Schon als Schüler ist der 1902 in Leverkusen-Küppersteg geborene Künstler in Kontakt mit der katholischen Jugendbewegung gekommen. Er war in den 20er Jahren Mitglied im Quickborn-Arbeitskreis und beim Bund Neues Deutschland und hat auf diese Weise als junger Mensch den Weg in die liturgischen Reformkreise gefunden. Christliche Kunst lernte er im Kloster Marienthal bei Wesel kennen. Dort hatte sich rund um den Pfarrer Augustinus Winkelmann ein Zentrum junger christlicher Künstler gebildet. In diesen Kreis ist Hein Wimmer eingetreten. An den Kölner Werkschulen hat er Gold- und Silberschmiedekunst wie Bildhauerei gelernt und wurde Meisterschüler. Beeinflusst vom rheinischen Spätexpressionismus schuf er im Alter von 27 Jahren 1929/30 den versilberten Tabernakel mit figürlichen Darstellungen für die Klosterkirche von Marienthal. Es ist eine seiner herausragenden Arbeiten.

Stationen seines Wirkens

Die Arbeit als Bildhauer und Goldschmied im eigenen Atelier in Köln kam durch den 2. Weltkrieg zum Erliegen, es folgten Jahre als Soldat und in russischer Kriegsgefangenschaft. 1948 kehrte Hein Wimmer zurück und setzte seine künstlerische Tätigkeit fort. Der Wiederaufbau und Neubau von Kirchen in Nordrhein-Westfalen erforderte neue Ausstattungen mit liturgischem Gerät. In Zusammenarbeit mit bekannten Architekten wie Band, Schaller, Schilling, Schwarz, Steffann und anderen entstanden unzählige Arbeiten, darunter ganze Ensembles mit Altären, Kreuzen, Tabernakeln, Monstranzen, Reliquienschreinen, Kelchen und Leuchtern.
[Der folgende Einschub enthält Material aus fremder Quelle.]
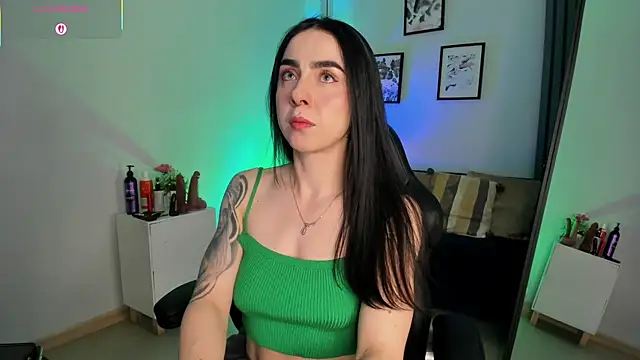 Snapshot of Luna_tagliaferri chatting on 05-09-26, 06:46 Luna tagliaferri online show from 05-09-26, 06:46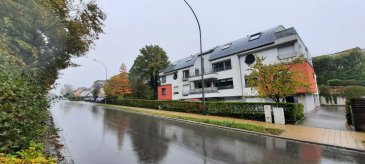 Bridel, à vendre: magnifique duplex de 90 m2 habitable (99 m2 surface utile): situé dans un quartier paisible et prisé, ce bien est l'opportunité idéale pour ceux qui cherchent à habiter dans un environnement privilégié à proximité de Luxembourg-Ville.
Au 1er niveau du duplex se situent l'entrée, le WC séparé, le living et l'espace repas ainsi que la cuisine équipée très spacieuse. Le balcon est accessible du living et de la cuisine par des portes-fenêtres.
L'escalier menant au 2e niveau du duplex est vitré, donnant une luminosité exceptionnelle au bien. Au 2e niveau se trouvent une très grande chambre à coucher et une salle de bains moderne, ainsi qu'un hall permettant d'aménager un espace bureau. 
Le duplex dipose d'une cave privée au rez-de-chaussée et d'un garage fermé (porte motorisée, 16 m2) pour une voiture. 
La résidence, très bien entretenue, est équipée d'un ascenseur et d'une buanderie commune. De plus, le raccordement à la fibre optique vous garantit une excellente connexion internet.

Un parking extérieur supplémentaire peut être acheté en option au prix de 30.000 €.

Imprégnez-vous de l'atmosphère conviviale de Bridel, notamment prisée pour ses établissements scolaires de qualité et son offre éducative diversifiée. Vous y trouverez également une variété de commerces et de restaurants locaux pour vos besoins quotidiens et vos sorties gastronomiques. Les parcs à proximité offrent de magnifiques espaces pour la détente et les loisirs. Les infrastructures de santé de la région sont de grande qualité. Côté transport, la commune est bien desservie par les lignes de bus, facilitant vos déplacements à travers Luxembourg.

Ne manquez pas cette opportunité unique! Contactez-nous dès aujourd'hui pour planifier une visite de ce bien exceptionnel par téléphone: 661/334422 (Natacha Bivort).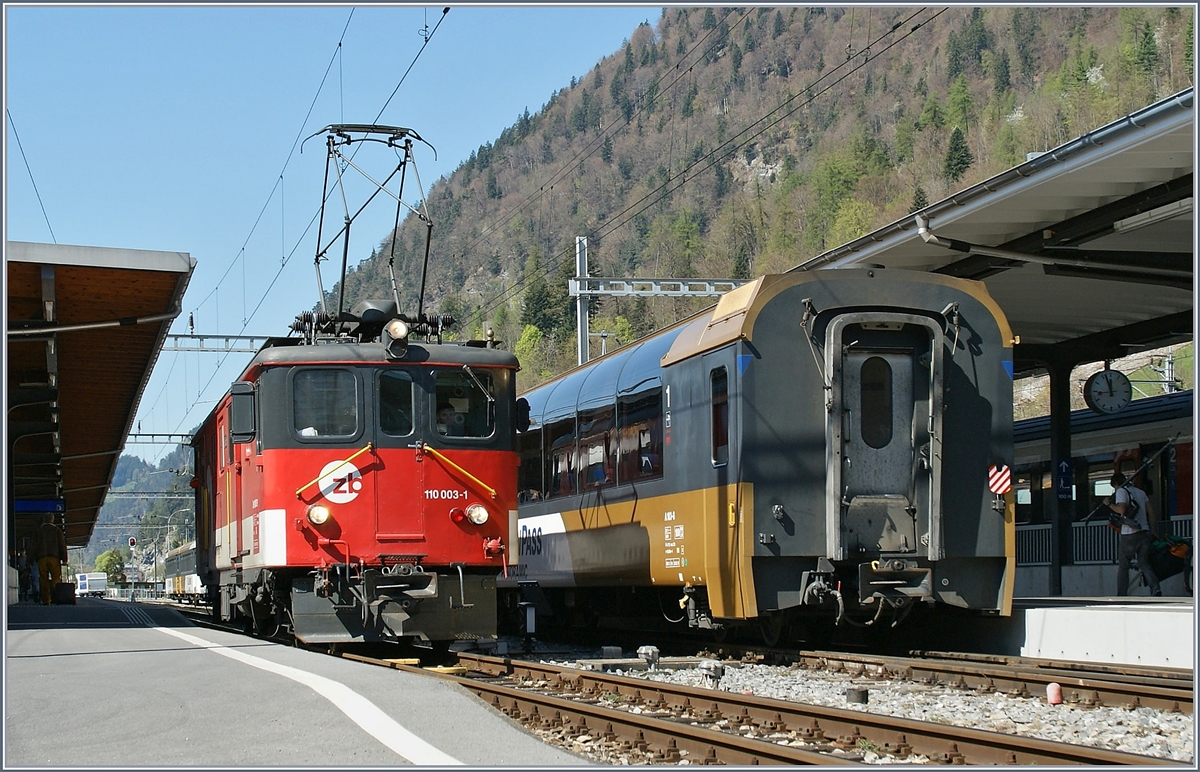 Der Brünigbahn-Gepäcktriebwagen De 110 003-1 in Interlaken Ost. Als die Zentralbahn nach der Eröffnung des Engelbergtunnels auf der Strecke nach Engelberg einen erhöhten Bedarf an kräftigen HGe 4/4 Loks hatte, wurden die fast siebzig jährigen, zwischenzeitlich Zahnlosen Dhe 4/6 Triebwagen als De 4/4 im  Talverkehr  Meringen - Interlaken - Meiringen zur Traktion der IR Züge eingesetzt. Erst mit dem Einsatz der  Adler -Triebzüge konnten die De 110 ihren Dienst quittieren.
9. April 2011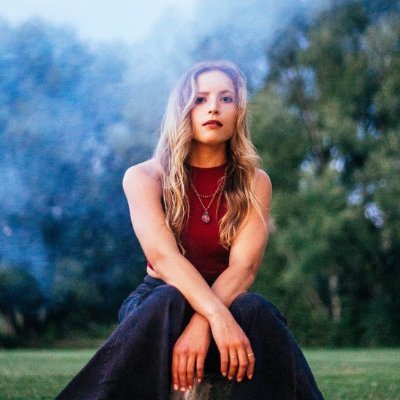 Profile Picture of ABBY BROWN (@abbyb__official) on Twitter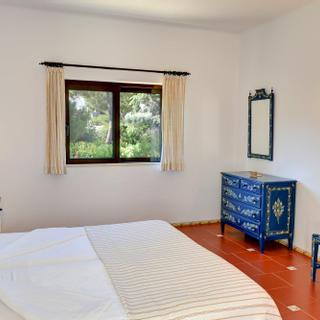 Algar Seco Parque | Carvoeiro, Algarve | v5 villa schlafzimmer mit handbemalten moebeln
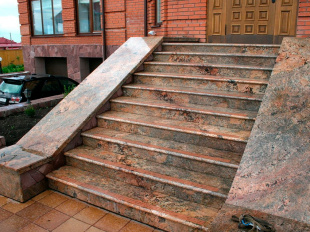 Входная группа из гранита Мультиколор Ред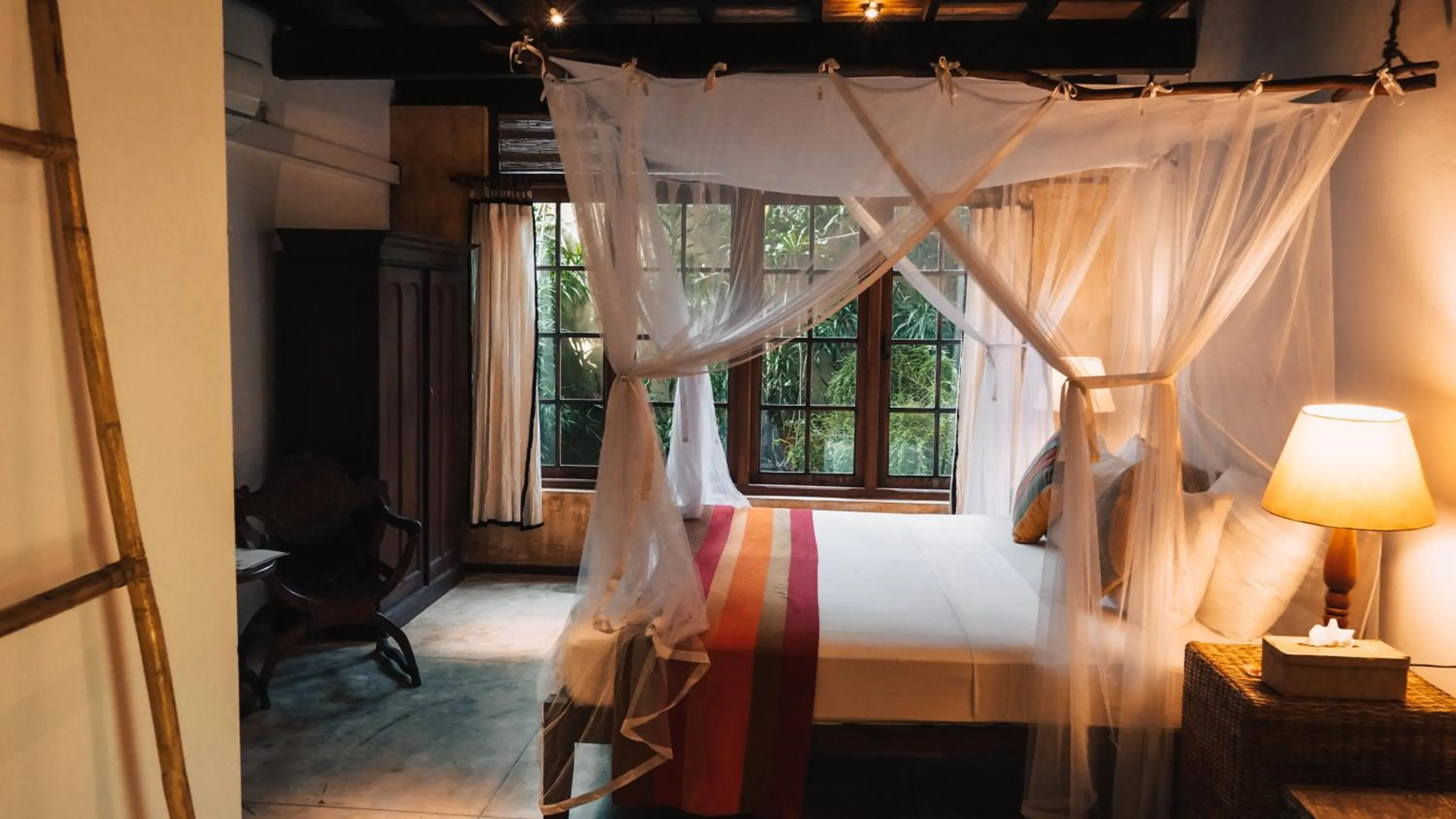 Bed in Dunes Unawatuna Hotel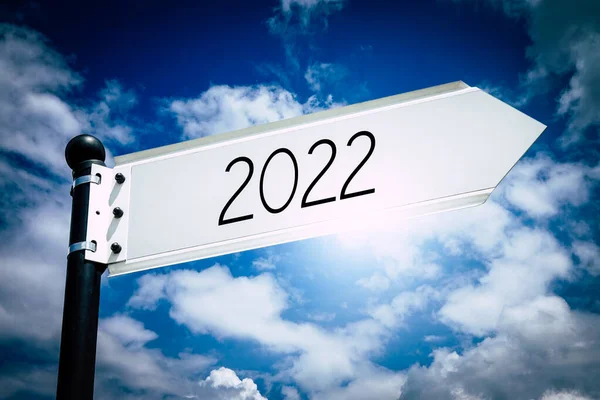 2022 Wegweiser Mit Einem Pfeil Himmel Hintergrund — Stockfoto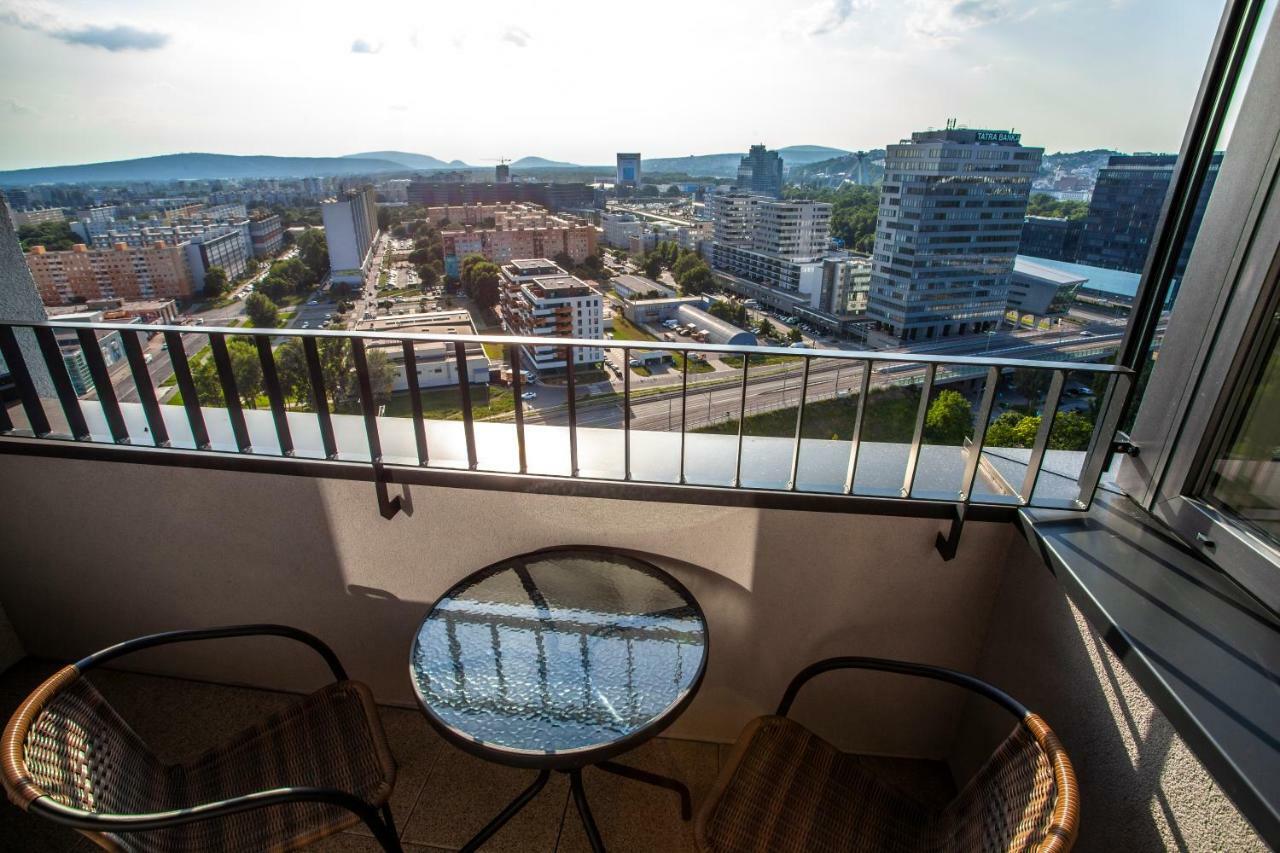 Air-Conditioned City View Apartment 24H Check-In Bratislava Bagian luar foto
Neben sakraler Kunst gestaltete Hein Wimmer auch profane Objekte – zum Beispiel die Amtskette des Oberbürgermeisters von Krefeld, wo er seit 1948 Leiter der Abteilung Metall der Werkkunstschule war und seit 1965 eine Professur innehatte.

Christliche Kunst als Passion

Im Werk des katholischen Künstlers Hein Wimmer wird Christus als strahlender Gott der Liebe dargestellt, dem man vertrauen kann und der Hoffnung gibt. Die Kunstwerke aus Edelmetallen sind kostbar mit Steinen, Elfenbeinschnitzereien und farbigen Emailornamenten ausgestattet.

Noch bis zwei Wochen vor seinem Tod hat Hein Wimmer gearbeitet. Sein künstlerisches Schaffen war nicht einfach sein Broterwerb, sondern seine Passion, so Caroline Maria Weber, Enkelin des Künstlers und Inhaberin des Kulturbüros Rheinstil: "Er hat sich bis ins hohe Alter weiterentwickelt und zur Vollendung seines Stils und seiner Form gefunden."

Das Kulturbüro Rheinstil präsentiert die Ausstellung über den Kölner Bildhauer und Goldschmied Hein Wimmer (1902-1986) im Rahmen der Ausstellungsreihe "Dozenten und Meisterschüler der Kölner Werkschulen". Anhand von Originalen, Fotos, Skizzen, Entwürfen und Modellen ist diese Schau ein guter Überblick über das künstlerische Wirken von Hein Wimmer. Am Samstag, dem 30. Mai, endet die Ausstellung. Um 14 Uhr gibt Caroline Maria Weber eine Einführung in sein Werk.